When L1 analysts scan the suspicious file with several different scanning tools, they see that it does not contain VBA macros. Since the file format is similar to phishing, they forwarded the suspicious Office file to you for detailed analysis.
** Since the 2nd payload download addresses are closed, the 2nd payload is in the zip. Please start your analysis from the Office file.
Files in the zip archive are malicious, analyze malicious files on isolated devices.
Malicious Office Document (Zip password: infected): ~~Download~~ /root/Desktop/ChallengeFiles/11f44531fb088d31307d87b01e8eabff.rar
There are 3 files that was extracted for this challenge.
Before getting into an investigation, we need to know what is Excel 4.0 Macro first, here i quoted from this MalwareBytes Labs Blog
Excel 4.0 macros, aka XLM macros, were first added to Excel in 1992. They allowed users to add commands into spreadsheet cells that were then executed to perform a task. Unfortunately, we soon learned that (like any code) macros could be made to perform malicious tasks. Office documents have been a favorite hiding place of malicious code ever since.
So oletools won't work here since this kind of macro doesn't like the VBA one.
But luckily I found this blog post that tell us how to do with this macro.
First I used Future Record Triage to examine the file directly and I found this.
but for further analysis to answer all the questions, I need to use XLMMacroDeobfuscator if those we cannot use this tool because of this error
[Loading Cells]
Error [deobfuscator.py:3195 process_file(**vars(args))]
(XLMMacroDeobfuscator - Solving Error [deobfuscator.py:3195 process_file(**vars(args))) here how to fix it
And you can see those URLs to download dlls, and it was hidden so we can't see them directly when we opened it
Now we can solve this challenge. Congrats!
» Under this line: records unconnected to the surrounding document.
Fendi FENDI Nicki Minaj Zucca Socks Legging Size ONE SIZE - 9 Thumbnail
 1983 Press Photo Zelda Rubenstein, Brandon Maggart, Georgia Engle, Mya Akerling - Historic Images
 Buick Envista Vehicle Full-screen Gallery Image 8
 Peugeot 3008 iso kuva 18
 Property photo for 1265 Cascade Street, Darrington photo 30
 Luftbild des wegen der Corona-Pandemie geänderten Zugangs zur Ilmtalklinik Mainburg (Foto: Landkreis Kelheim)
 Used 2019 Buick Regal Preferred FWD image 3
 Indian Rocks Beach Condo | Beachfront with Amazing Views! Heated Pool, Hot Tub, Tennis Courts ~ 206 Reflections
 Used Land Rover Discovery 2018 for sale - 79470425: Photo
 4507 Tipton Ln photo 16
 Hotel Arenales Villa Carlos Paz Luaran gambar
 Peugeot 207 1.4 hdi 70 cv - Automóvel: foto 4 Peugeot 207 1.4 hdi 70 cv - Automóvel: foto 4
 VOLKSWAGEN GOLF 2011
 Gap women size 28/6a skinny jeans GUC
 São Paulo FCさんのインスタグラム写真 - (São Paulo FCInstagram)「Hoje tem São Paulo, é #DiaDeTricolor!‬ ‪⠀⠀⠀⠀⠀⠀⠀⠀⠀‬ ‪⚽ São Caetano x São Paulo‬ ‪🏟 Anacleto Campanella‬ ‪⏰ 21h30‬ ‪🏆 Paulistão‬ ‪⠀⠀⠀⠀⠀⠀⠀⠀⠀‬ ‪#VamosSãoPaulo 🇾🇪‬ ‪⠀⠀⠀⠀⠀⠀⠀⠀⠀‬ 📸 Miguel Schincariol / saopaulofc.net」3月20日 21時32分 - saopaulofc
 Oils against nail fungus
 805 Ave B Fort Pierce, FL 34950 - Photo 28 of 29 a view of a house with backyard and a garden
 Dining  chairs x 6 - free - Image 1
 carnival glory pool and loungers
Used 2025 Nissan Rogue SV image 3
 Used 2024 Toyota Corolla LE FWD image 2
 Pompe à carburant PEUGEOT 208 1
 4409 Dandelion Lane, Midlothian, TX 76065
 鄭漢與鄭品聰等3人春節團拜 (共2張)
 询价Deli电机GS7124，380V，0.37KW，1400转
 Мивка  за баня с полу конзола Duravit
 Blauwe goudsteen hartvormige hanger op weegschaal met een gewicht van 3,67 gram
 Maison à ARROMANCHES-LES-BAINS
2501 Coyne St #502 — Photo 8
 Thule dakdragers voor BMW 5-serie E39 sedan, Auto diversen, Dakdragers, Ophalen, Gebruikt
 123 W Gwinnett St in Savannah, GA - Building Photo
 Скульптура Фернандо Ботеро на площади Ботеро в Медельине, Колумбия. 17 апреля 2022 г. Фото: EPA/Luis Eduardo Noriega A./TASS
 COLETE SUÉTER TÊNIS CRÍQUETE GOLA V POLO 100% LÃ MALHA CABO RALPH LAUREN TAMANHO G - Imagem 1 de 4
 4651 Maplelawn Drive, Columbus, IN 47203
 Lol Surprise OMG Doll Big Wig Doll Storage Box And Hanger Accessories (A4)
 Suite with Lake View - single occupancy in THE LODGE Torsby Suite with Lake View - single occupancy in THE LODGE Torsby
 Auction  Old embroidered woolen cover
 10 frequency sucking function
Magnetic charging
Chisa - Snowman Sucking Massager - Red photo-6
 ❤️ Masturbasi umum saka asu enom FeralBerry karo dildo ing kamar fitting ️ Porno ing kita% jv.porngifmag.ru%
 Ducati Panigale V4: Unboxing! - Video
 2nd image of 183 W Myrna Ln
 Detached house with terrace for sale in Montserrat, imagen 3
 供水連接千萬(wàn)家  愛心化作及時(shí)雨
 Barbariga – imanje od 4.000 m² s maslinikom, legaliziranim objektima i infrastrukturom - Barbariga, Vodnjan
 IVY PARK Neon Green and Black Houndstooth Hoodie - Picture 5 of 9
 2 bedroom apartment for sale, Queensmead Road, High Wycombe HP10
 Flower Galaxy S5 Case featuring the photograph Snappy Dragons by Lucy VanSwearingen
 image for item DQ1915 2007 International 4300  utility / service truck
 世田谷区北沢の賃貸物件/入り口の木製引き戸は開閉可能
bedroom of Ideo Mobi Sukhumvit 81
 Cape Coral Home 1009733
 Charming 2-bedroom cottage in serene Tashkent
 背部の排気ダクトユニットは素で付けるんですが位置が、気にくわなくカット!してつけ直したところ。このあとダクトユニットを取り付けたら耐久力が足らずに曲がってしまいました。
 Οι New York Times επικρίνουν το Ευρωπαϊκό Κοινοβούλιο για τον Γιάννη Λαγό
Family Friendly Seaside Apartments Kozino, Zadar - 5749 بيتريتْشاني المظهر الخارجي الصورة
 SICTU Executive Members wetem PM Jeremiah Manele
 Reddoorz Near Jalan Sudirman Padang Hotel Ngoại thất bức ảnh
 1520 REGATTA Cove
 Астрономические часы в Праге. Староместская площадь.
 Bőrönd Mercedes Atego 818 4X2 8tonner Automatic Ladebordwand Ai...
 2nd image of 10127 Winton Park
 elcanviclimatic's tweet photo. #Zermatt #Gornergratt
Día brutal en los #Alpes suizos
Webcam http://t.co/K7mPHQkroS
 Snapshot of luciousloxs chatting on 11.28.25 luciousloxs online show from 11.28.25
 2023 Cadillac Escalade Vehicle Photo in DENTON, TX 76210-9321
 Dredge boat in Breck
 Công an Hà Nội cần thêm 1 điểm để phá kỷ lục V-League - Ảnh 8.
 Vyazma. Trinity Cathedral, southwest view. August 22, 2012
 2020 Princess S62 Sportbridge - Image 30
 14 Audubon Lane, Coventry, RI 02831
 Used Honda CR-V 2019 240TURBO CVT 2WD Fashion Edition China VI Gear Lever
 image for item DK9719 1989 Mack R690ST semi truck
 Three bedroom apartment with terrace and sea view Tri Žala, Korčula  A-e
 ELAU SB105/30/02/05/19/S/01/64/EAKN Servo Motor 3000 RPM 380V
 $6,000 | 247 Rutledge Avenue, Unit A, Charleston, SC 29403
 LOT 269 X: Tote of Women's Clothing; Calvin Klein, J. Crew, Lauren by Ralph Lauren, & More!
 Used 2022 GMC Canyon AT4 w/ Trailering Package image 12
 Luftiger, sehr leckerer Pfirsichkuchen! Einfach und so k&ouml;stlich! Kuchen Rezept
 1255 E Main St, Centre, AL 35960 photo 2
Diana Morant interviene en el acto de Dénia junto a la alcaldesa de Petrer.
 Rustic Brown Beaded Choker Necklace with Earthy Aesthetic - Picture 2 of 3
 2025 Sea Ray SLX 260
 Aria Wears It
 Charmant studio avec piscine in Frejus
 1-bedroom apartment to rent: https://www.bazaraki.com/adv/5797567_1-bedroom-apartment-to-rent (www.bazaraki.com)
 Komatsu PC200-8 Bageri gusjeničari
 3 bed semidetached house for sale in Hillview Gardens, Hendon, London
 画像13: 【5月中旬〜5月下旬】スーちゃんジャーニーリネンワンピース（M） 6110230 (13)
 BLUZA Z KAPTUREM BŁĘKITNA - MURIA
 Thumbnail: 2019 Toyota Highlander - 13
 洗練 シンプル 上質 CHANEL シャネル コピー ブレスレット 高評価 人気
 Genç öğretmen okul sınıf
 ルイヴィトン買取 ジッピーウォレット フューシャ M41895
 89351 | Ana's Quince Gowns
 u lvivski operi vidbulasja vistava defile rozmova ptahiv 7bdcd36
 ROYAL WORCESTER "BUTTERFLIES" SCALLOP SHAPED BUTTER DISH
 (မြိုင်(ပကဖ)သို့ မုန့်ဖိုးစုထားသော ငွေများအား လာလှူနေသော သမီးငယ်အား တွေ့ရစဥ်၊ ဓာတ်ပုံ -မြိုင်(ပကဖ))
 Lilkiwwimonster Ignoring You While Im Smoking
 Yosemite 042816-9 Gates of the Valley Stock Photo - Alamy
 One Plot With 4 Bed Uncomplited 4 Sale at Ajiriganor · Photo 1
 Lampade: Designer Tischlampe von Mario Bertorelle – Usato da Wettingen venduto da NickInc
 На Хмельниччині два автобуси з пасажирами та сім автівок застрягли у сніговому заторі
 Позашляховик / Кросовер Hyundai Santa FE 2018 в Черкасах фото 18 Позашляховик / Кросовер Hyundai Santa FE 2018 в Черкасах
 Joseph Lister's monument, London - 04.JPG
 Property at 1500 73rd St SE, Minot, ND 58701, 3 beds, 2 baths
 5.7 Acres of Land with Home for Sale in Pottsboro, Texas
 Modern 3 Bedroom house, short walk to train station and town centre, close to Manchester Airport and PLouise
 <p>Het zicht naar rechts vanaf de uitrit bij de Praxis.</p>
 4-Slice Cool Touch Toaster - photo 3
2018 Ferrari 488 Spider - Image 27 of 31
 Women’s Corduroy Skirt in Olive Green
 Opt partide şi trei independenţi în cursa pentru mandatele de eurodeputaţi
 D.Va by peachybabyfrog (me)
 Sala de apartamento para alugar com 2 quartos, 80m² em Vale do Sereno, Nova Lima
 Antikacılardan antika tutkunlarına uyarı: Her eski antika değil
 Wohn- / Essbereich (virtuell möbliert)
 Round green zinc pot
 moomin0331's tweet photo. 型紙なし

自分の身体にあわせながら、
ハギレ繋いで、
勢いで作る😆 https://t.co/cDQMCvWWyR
Attackers use a function to make the malicious VBA macros they have prepared run when the document is opened. What do attackers change the cell name to to make Excel 4.0 macros work to provide the same functionality?
Auto_Open
What is the address of the first cell where Excel 4.0 macros will run in the malicious Office document you are analyzing? (Example: {doc1!ab3})
Doc4!BA7
Which function is used to start a process in the operating system in the document you are analyzing?
exec
Which LOLBAS tool was used in the Excel 4.0 macros you analyzed? (Format: {xxxx.exe})
regsvr32.exe
What is the name of the registered DLL?
iroto.dll
What is the username that made the last change to the malicious document?
Amanda
An XLS file was using Excel 4.0 Macro to download malicous dlls and executed them, It was set to execute when user open this file with macro turn off and even hide worksheets that have these formulas.
*For me figuring out how to use/fix XLMMacroDeobfuscator is the best reward from this challenge.